After a short break, she began the next century of 2000s with Sony Entertainment Television's Choodiyan. It featured her as Meghna, a caring and lovely sister who lost her mother in a horrific accident. Her first titular protagonistic role was in Shaheen. The same year she appeared in Yeh Jeevan Hai and first season of Rishtey. In 2001, she was cast in the second season of Rishtey and ventured into Gujarati cinema with Rangai Jaane Rangma followed by her Hindi foraying with Madhur Milan.
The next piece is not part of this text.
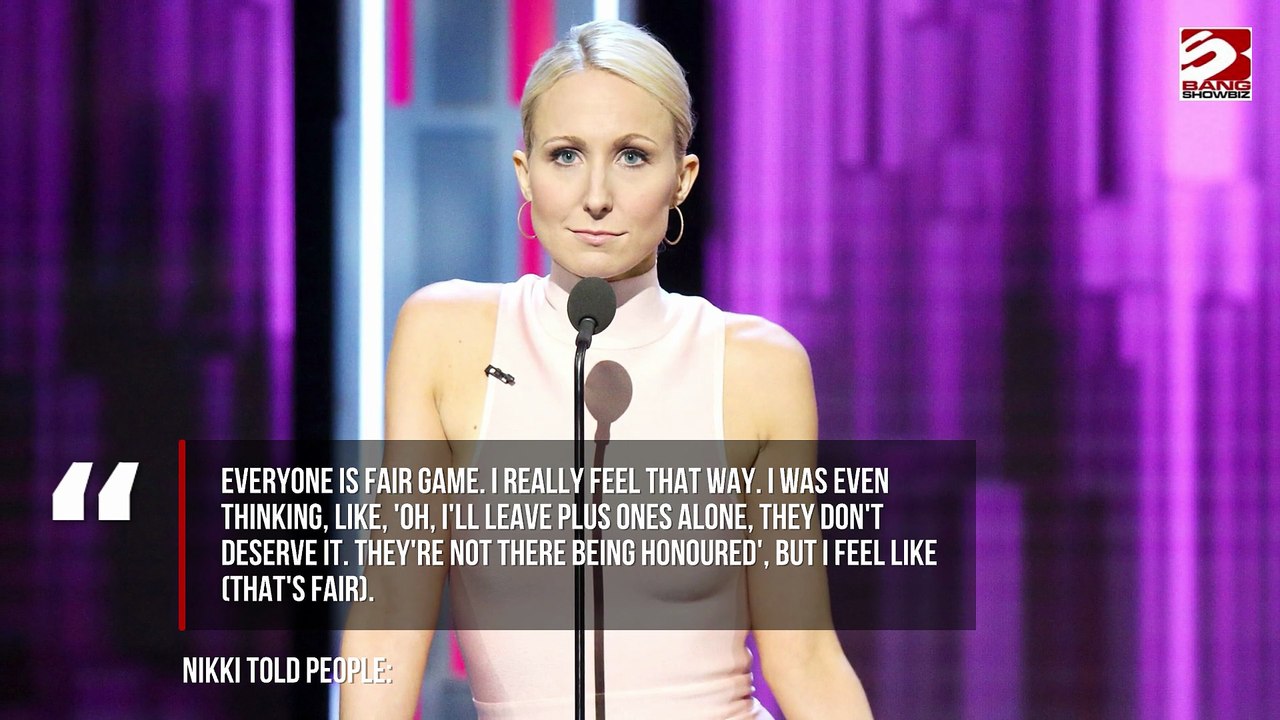 Nikki Glaser won't be afraid to mock celebrities at the Golden Globes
The most beneficial break and major popularity for Parmar came in 2002, when she took on the titular lead part of Kumkum opposite Hussain Kuwajerwala in Kumkum — Ek Pyara Sa Bandhan, a long-running soap opera that aired on Star Plus. Her performance as Kumkum made her a household name and was awarded with Best Actress (Critics) at Indian Telly Awards. One of the most longest-running Indian television series, it wrapped up in 2009 after a successful run of continuously seven years.

Simultaneously alongside Kumkum, Parmar also did appearances in several other commitments.

In 2003, Parmar won The Miss Rajasthan beauty pageant. She started her career with television serial Woh on Zee TV. Her biggest break came when she became a household name for her portrayal as Kumkum in Star Plus's Indian soap opera Kumkum – Ek Pyara Sa Bandhan opposite Hussain Kuwajerwala for which she also won the Best Actress (Critics) at the Indian Telly Awards in 2005. Juhi participated and became a finalist in the reality shows Say Shava Shava and Saas v/s Bahu. She also became the winner of Comedy Circus.

In October 2011, Juhi was a contestant in the fifth season of the Indian version of the reality TV show Big Brother, Bigg Boss. She survived for full 14 weeks and became the winner of the show In January 2012.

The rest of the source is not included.